What is being asked: Would you print the data below exactly, leaving out every picture?

Caption-style text data

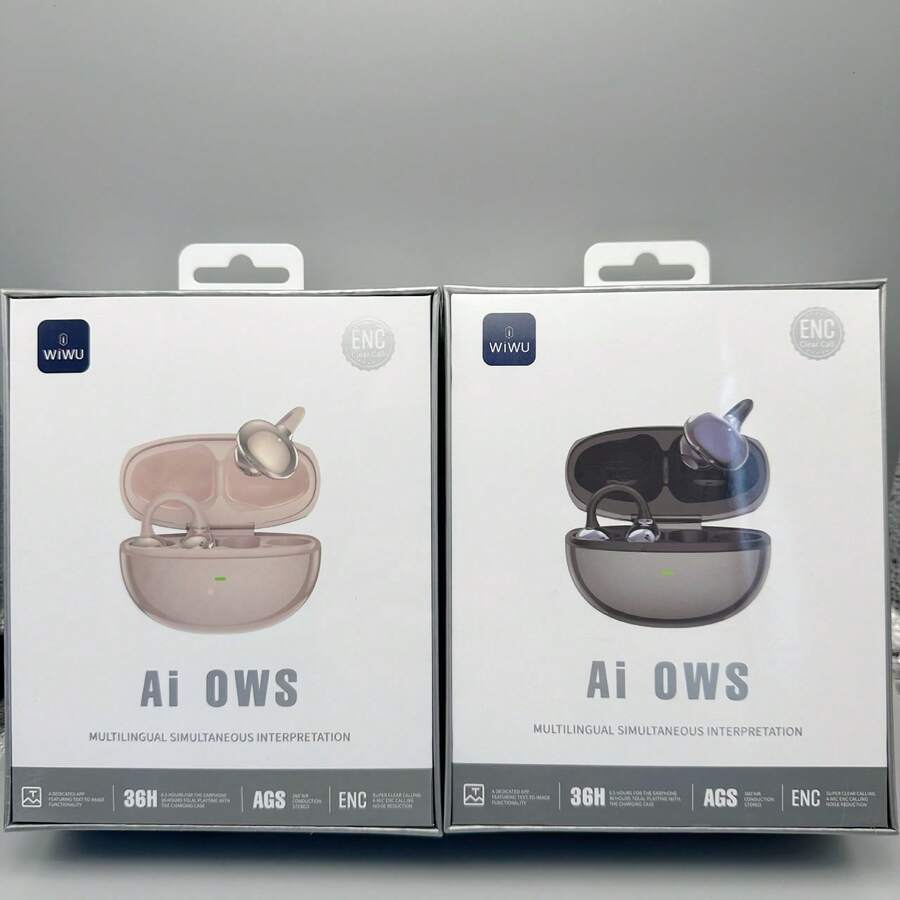 Auriculares wiwu Jimas Ai306 con traducción en tiempo real, diseño de clip para la oreja, cancelación de ruido y 36 horas de batería de ultra larga duración. - Ver 1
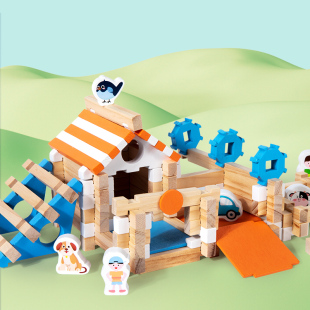 鲁班榫卯积木中国古建筑结构拼搭手工房子益智力儿童礼物木质玩具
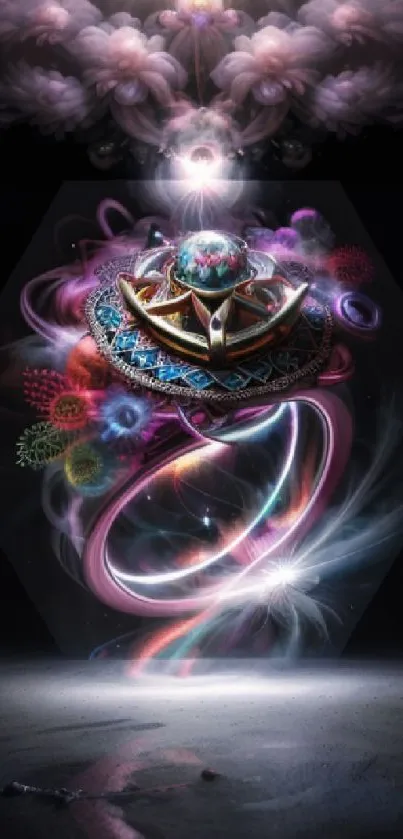 Mystical cosmic art with vibrant colors and intricate patterns.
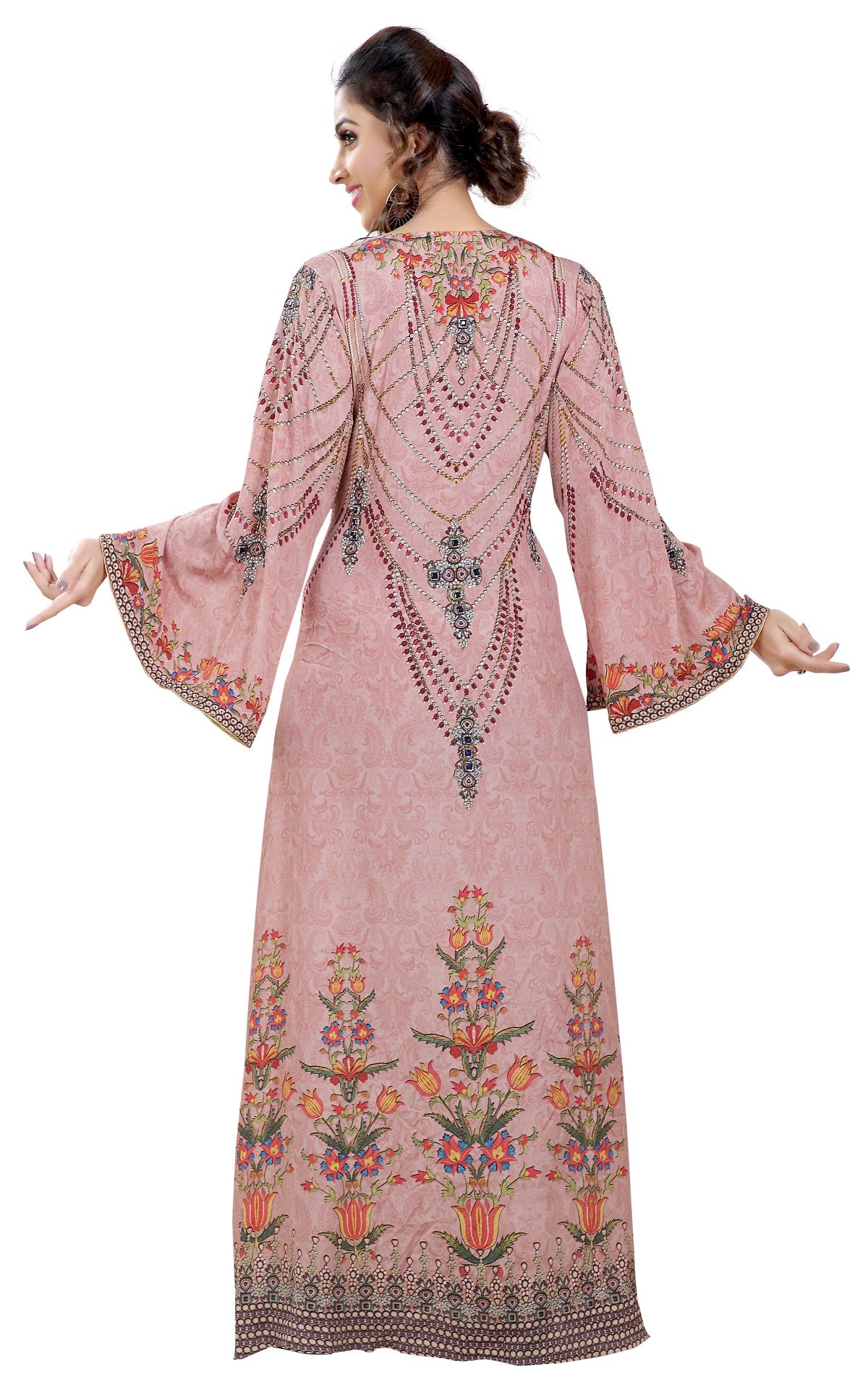 Elegant Light Pink Printed Kaftan with Crystal Luxe Beads - Boho Chic Beach Cover Up, Resort Wear & Summer Party Dress for Women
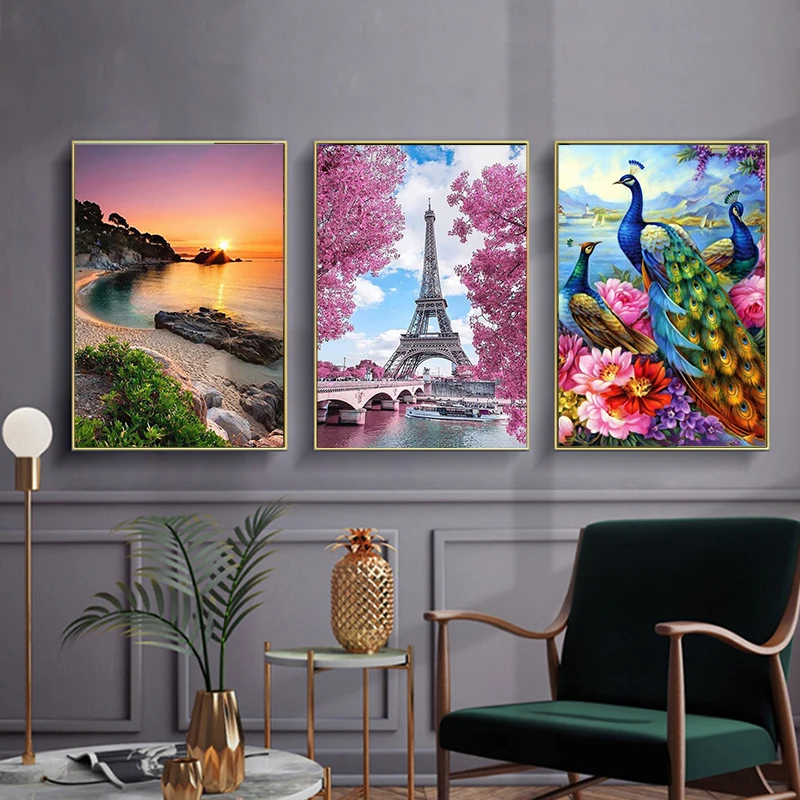 5D DIY Diamond Painting Landscape Animal Flowers Cross Stitch Kit Full Round Diamond Embroidery Mosaic Picture Home Decor Gifts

Result:
 Auriculares wiwu Jimas Ai306 con traducción en tiempo real, diseño de clip para la oreja, cancelación de ruido y 36 horas de batería de ultra larga duración. - Ver 1
 鲁班榫卯积木中国古建筑结构拼搭手工房子益智力儿童礼物木质玩具
 Mystical cosmic art with vibrant colors and intricate patterns.
 Elegant Light Pink Printed Kaftan with Crystal Luxe Beads - Boho Chic Beach Cover Up, Resort Wear & Summer Party Dress for Women
 5D DIY Diamond Painting Landscape Animal Flowers Cross Stitch Kit Full Round Diamond Embroidery Mosaic Picture Home Decor Gifts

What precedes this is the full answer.